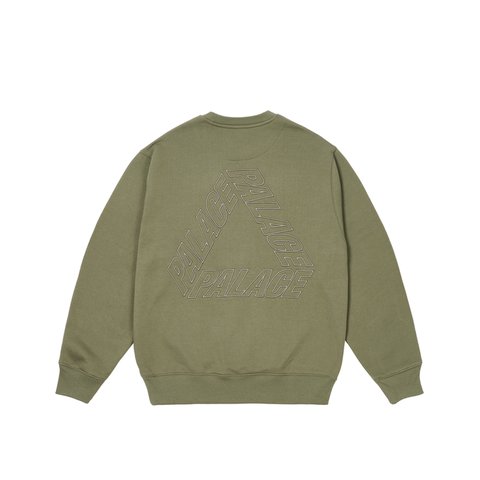 Palace OUTLINE P-3 CREW OLIVE - Colorway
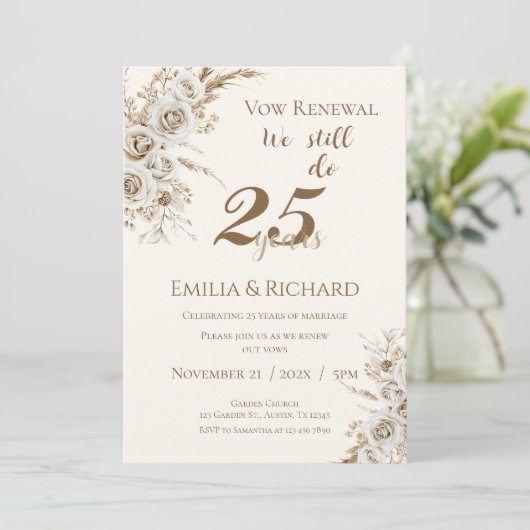 25th anniversary invitation kaart (Staand voorkant)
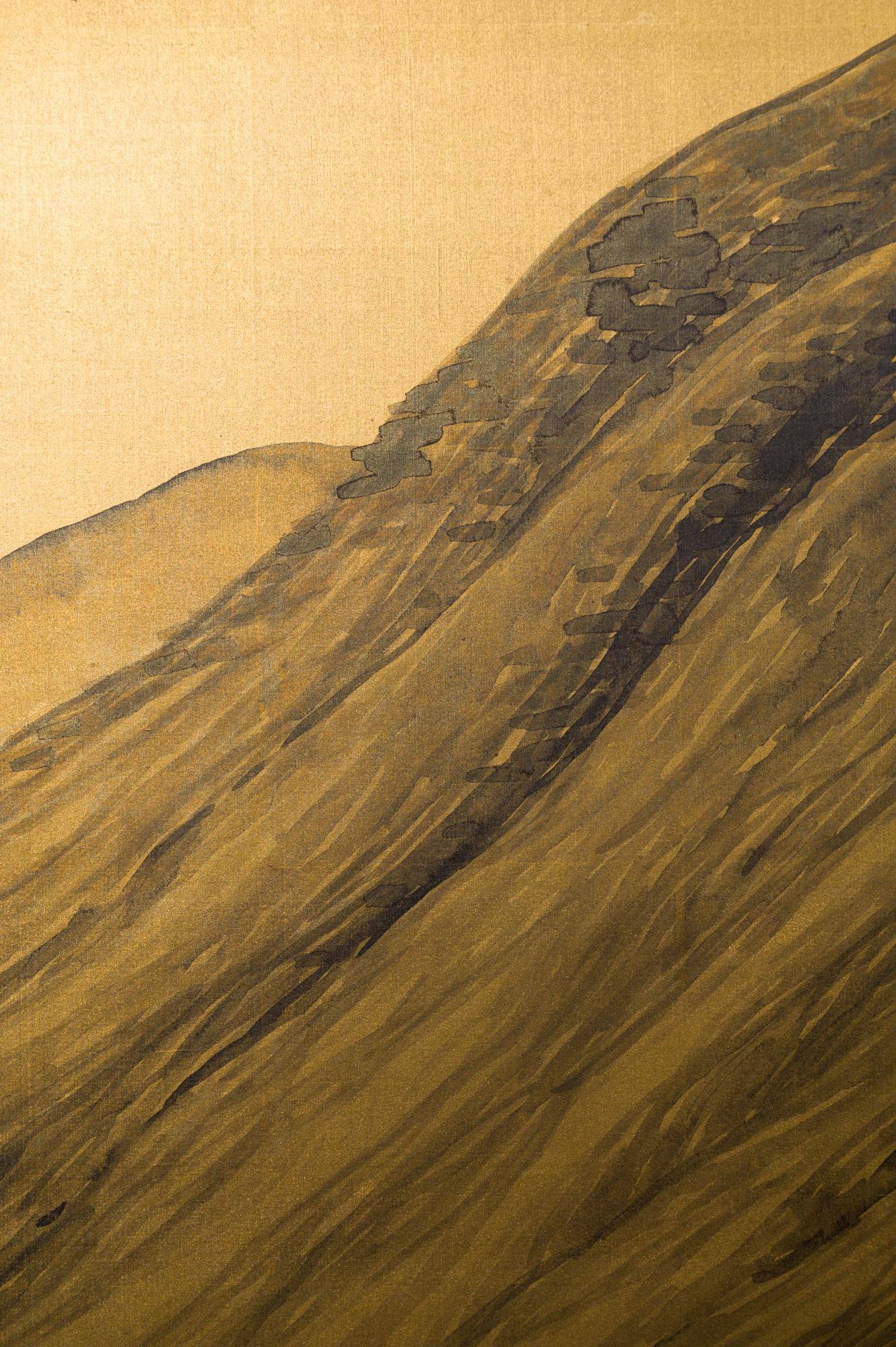 Japanese Two Panel Screen Mountain Landscape on Gold Silk For Sale 1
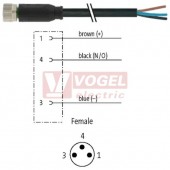 7000-08041-6100060 konektor M8/3-pin/zás/přímý - kabel ČE PVC 3x0,25mm2 L=0,6m - volný konec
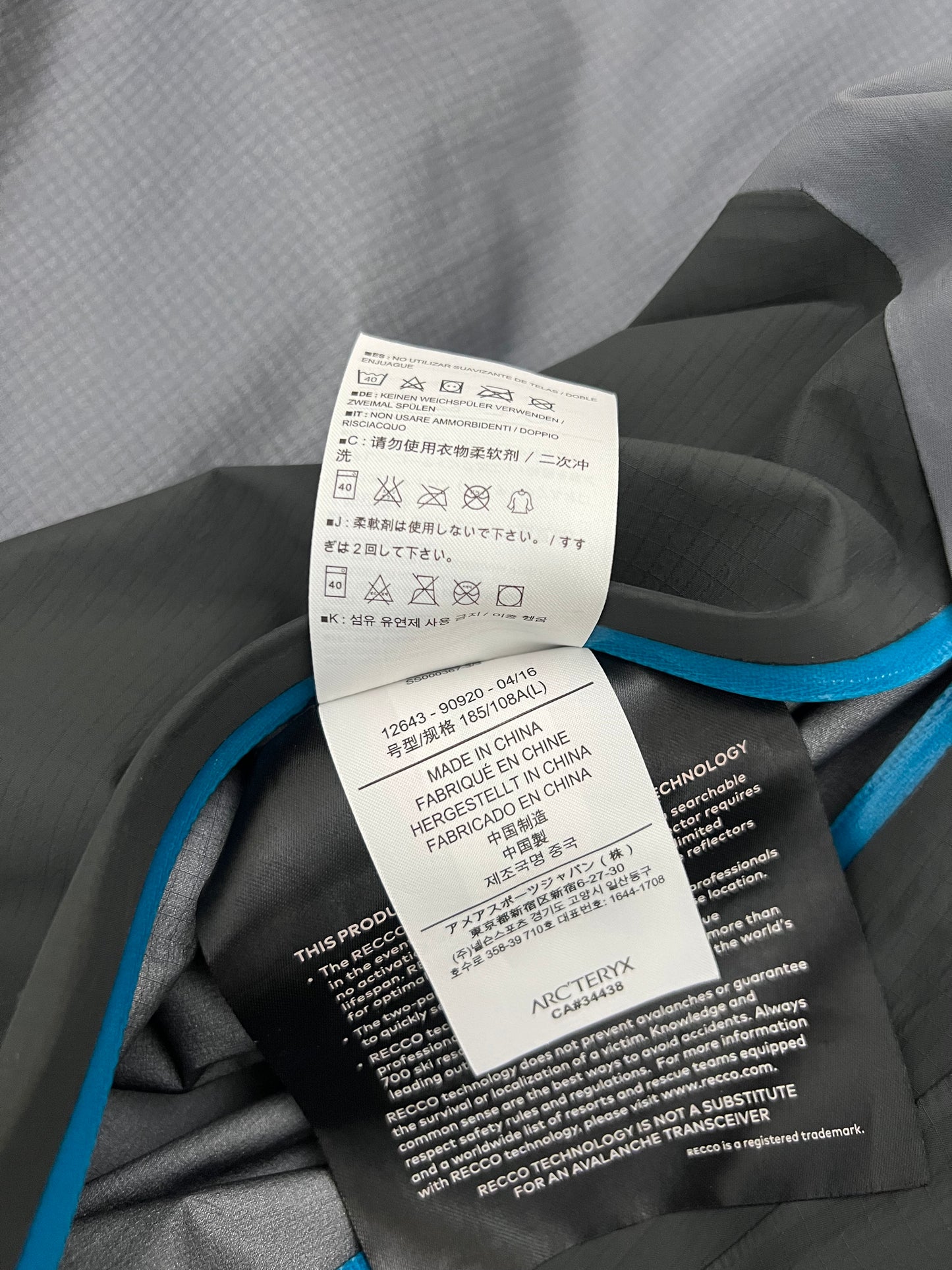 Arc’teryx Rush Jacket Tungsten Magnet Men’s L Large Gore-Tex Pro RECCO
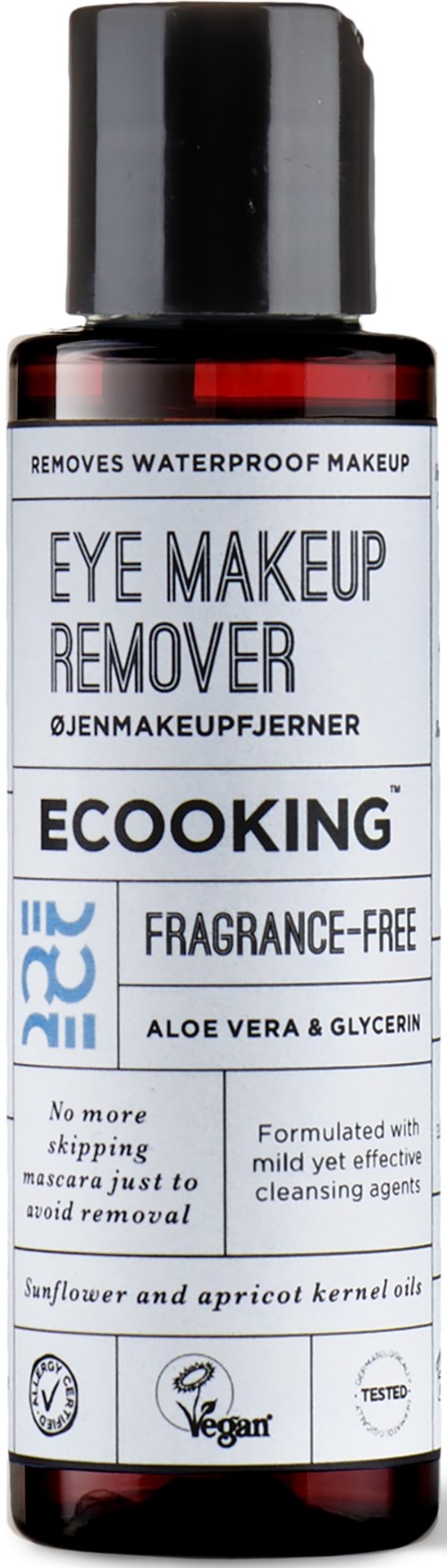 A small bottle of waterproof eye makeup remover with aloe vera and glycerin, free of fragrance and suitable for sensitive skin.
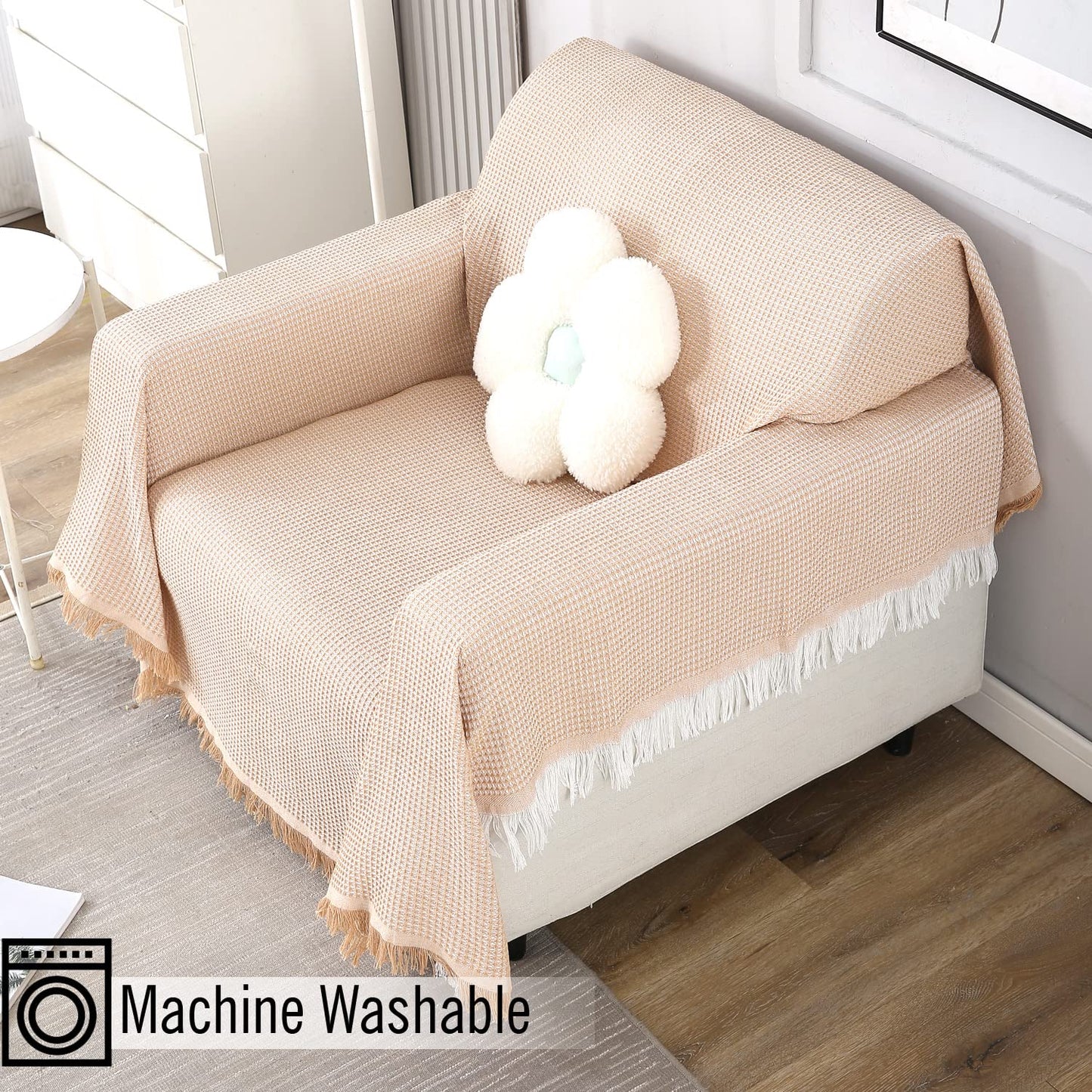 Polyester Cotton Sofa Cover Throw, Peach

**PROBLEM DETAILS**
Pictures are to be left out; the lines from the start of the records above through the line holding "7000-08041-6100060 konektor M8/3-pin/zás/přímý" are to be returned exactly.

**SOLUTION TO THE EXERCISE**
 Palace OUTLINE P-3 CREW OLIVE - Colorway
 25th anniversary invitation kaart (Staand voorkant)
 Japanese Two Panel Screen Mountain Landscape on Gold Silk For Sale 1
 7000-08041-6100060 konektor M8/3-pin/zás/přímý - kabel ČE PVC 3x0,25mm2 L=0,6m - volný konec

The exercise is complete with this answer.